Pitt converti prend un ton doucereux. Il ne fait pas la guerre à la France, mais pour la France, la bonne France royaliste.
Seulement, dans l’affaire de Toulon perce la vérité. L’Angleterre veut Toulon, mais pour elle. L’idée de conquête et de démembrement lui est venue. Brest et Toulon lui suffiraient et les côtes de la Vendée. J’ai conté l’accueil admirable que Pitt fit à Puisaye, le grand machinateur breton et Vendéen, l’ingénieux magicien qui évoqua la source meurtrière de la fausse monnaie de papier. C’est le vrai sens des expéditions de Quiberon, Granville et l’île Dieu, qui furent proprement l’inondation de cette peste des faux assignats.
Cependant l’Angleterre, tout en nous blessant, se blessait. La cité de Londres elle-même, la Banque si fidèle à Pitt, gémissait, haletait ; elle était indignée de voir la Prusse empocher les subsides et se moquer de Pitt. On pressa pour la mer jusqu’à cent mille matelots. Opération meurtrière qui jeta l’Angleterre hors d’elle-même et de sa sagesse. On tira sur le roi et l’on mit sa voiture en pièces.

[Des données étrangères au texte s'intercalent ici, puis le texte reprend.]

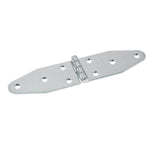 1852 Scharnier rostfreier Stahl L=180mm B=40mm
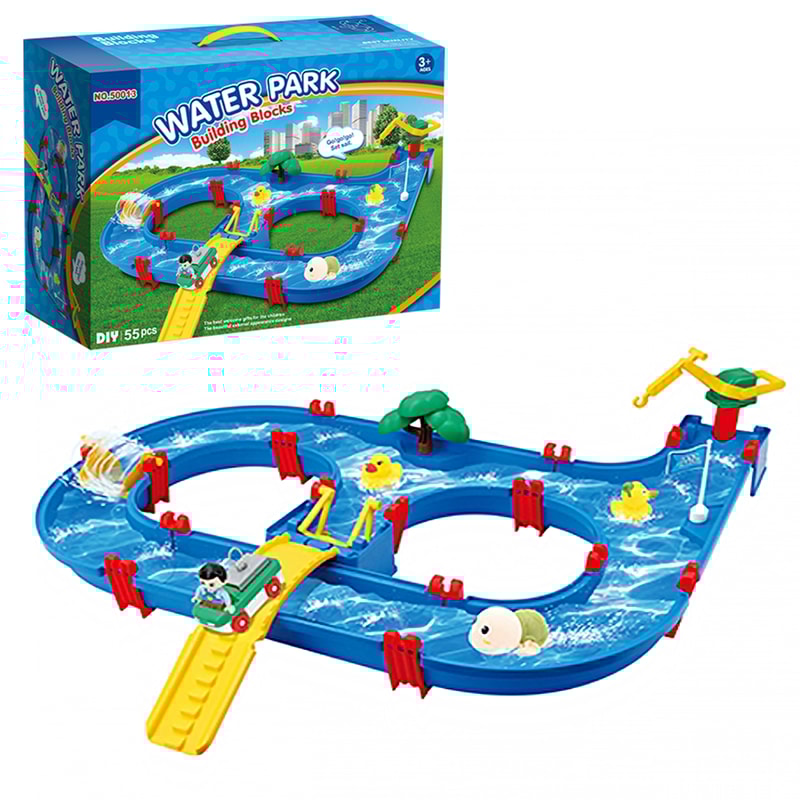Multi Style DIY Sets Water Table Toy For Outdoor Indoor Fun Beach Pool Play Gift For Boys And Girls 8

Pitt sentit le besoin de satisfaire un peu l’opinion, appela à lui quelques noms populaires, des seigneurs de l’ancien parti wigh. D’autre part, en faisant passer à l’Autriche de l’argent pour soutenir la guerre, on envoya à Paris un lord pour traiter de la paix, un homme conciliant, Malmesbury. Cet agent parti après notre malheur du 31 juillet[15] et la levée du siège de Mantoue, nous trouva déjà relevés par la double victoire de Castiglione. Ses propositions excitèrent le rire de Paris, l’Angleterre ne voulait traiter qu’autant que la France rendrait toutes ses conquêtes, l’Italie, la Hollande, les Pays-Bas, le Rhin. On nous aurait permis pour toute indemnité de prendre quelques colonies de nos alliés, la Hollande et l’Espagne, c’est-à-dire de nous brouiller à jamais avec ces deux puissances maritimes, au moment où leur amitié nous devenait si précieuse.
[15] La prise de Brescia et de sa garnison française.

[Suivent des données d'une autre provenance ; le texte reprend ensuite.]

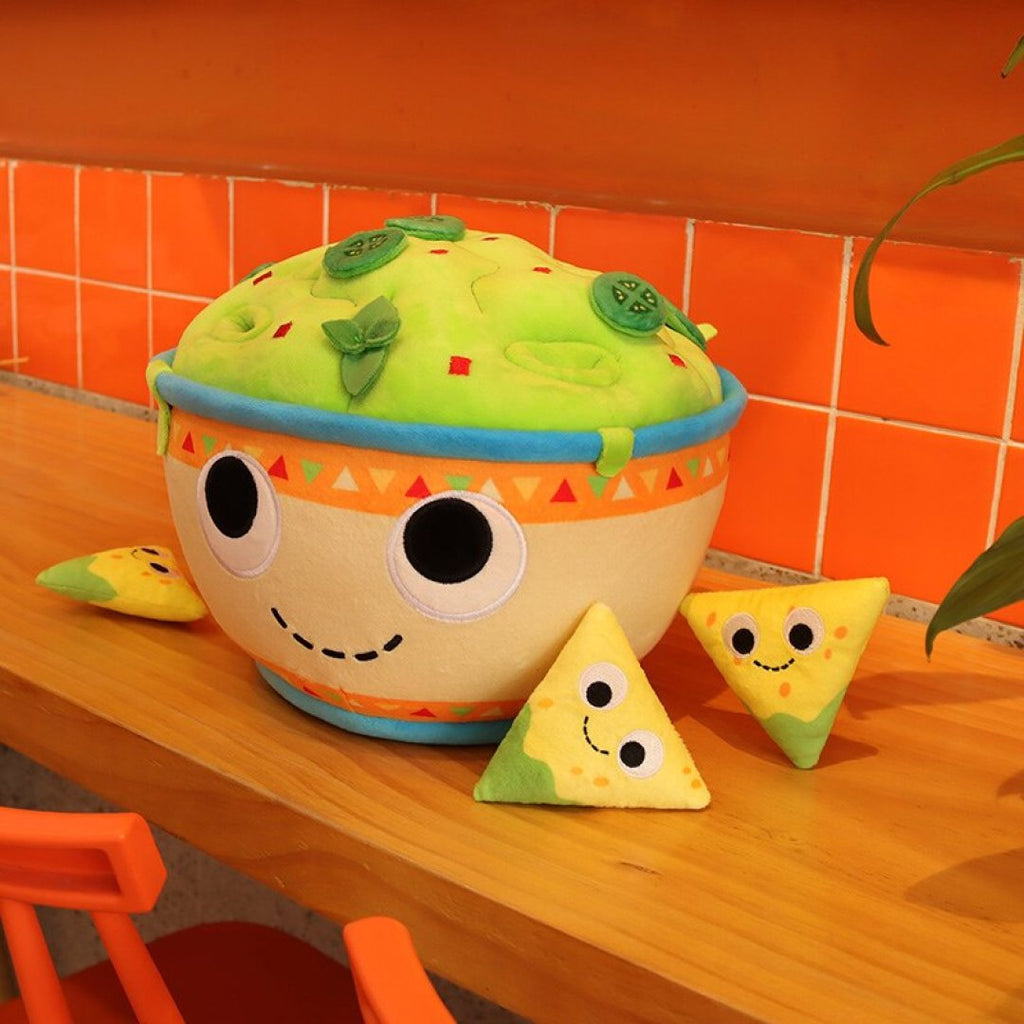 My Salad Bowl with Tortilla Chips - Kawaiies - Adorable - Cute - Plushies - Plush - Kawaii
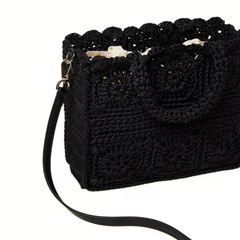 TWINSET BORSA TB7411 00006 BOHEMIENNE NERO
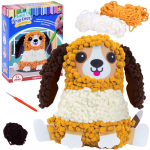 K&auml;sit&ouml;&ouml; komplekt Dog Wool Doll
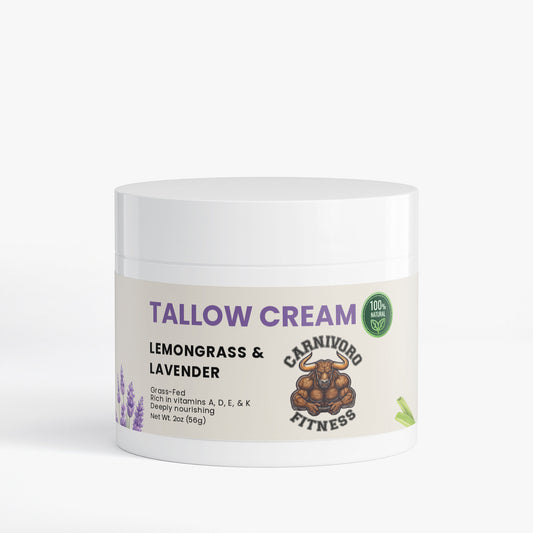 Tallow Cream Lemongrass & Lavender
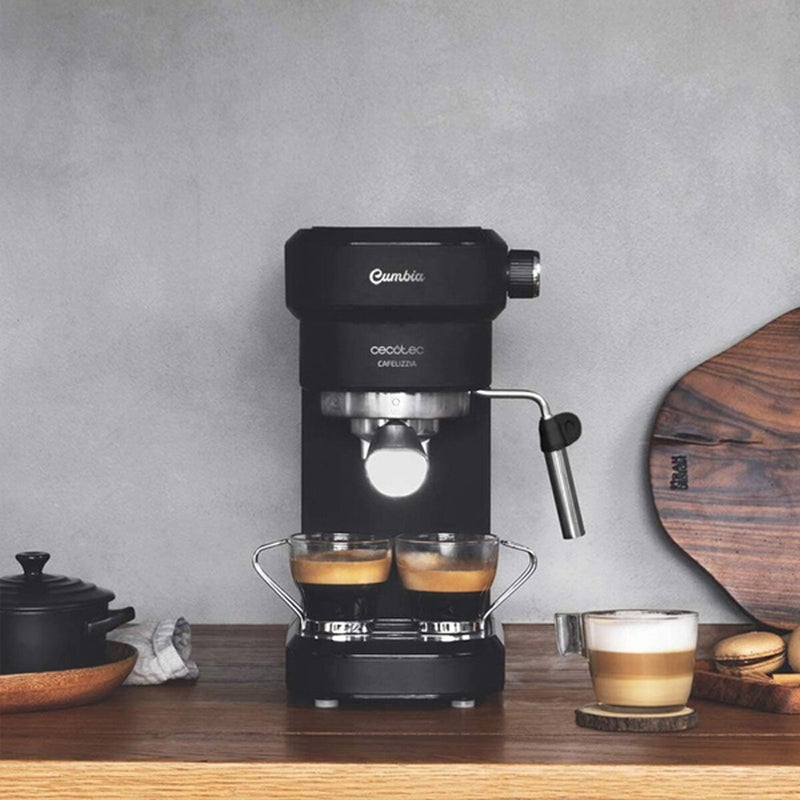 Caffettiera Express a Leva Cecotec Cafelizzia 790 Nero 1350 W 1,2 L-3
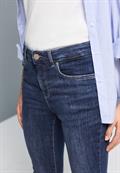 dark blue washed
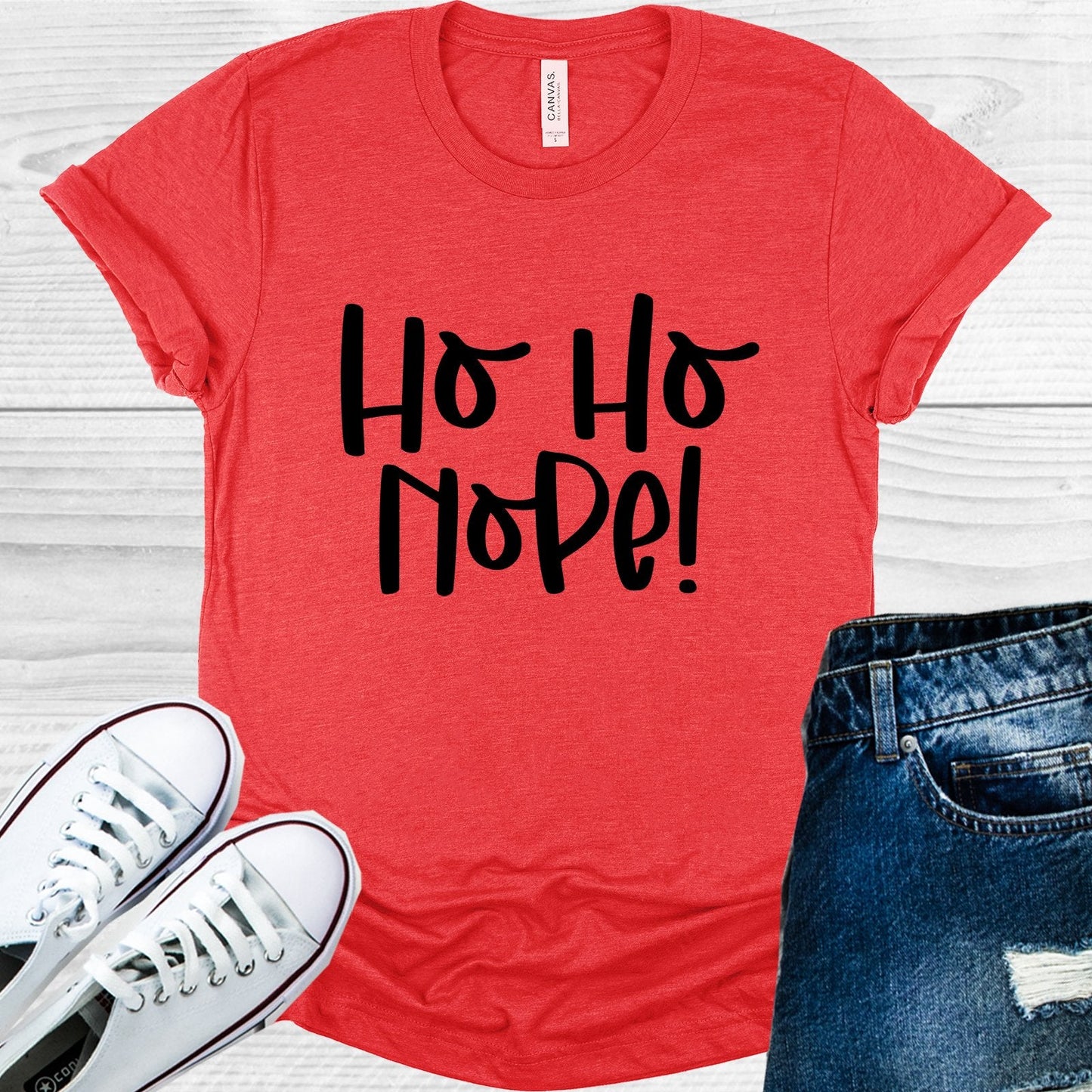 Ho Ho Nope Graphic Tee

Un piège si grossier, si peu ingénieux, ne pouvait qu’indigner. On fit dire à l’anglais de quitter Paris dans les vingt-quatre heures.
Ni Londres, ni Paris ne pouvaient s’y tromper. Pitt ne voulait pas la paix et faisait tristement la guerre, toujours par le même moyen qui échouait toujours, une profusion aveugle d’argent. Il en avait versé des torrents pour la Prusse, des torrents en Vendée, pour Quiberon, etc. Et maintenant des torrents en Autriche pour fournir constamment de la chair fraîche à Bonaparte, à cette épée terrible et altérée de sang.
En tout cela, dit fort bien M. de Maistre, Pitt fut très peu original, agit toujours par les mêmes moyens, sans nulle invention ni génie[16].
[16] Pitt, malgré son mérite parlementaire et ses divers talents paraît en tout ceci impuissant, médiocre. Rien d’inventif ni de profond. Sa haine intérieure et recuite l’éclaira beaucoup moins que la belle colère de Chatham, qui était une flamme. Notre ennemi, M. de Maistre, le juge fort sévèrement ; voyez sa lettre du 29 mars 1806.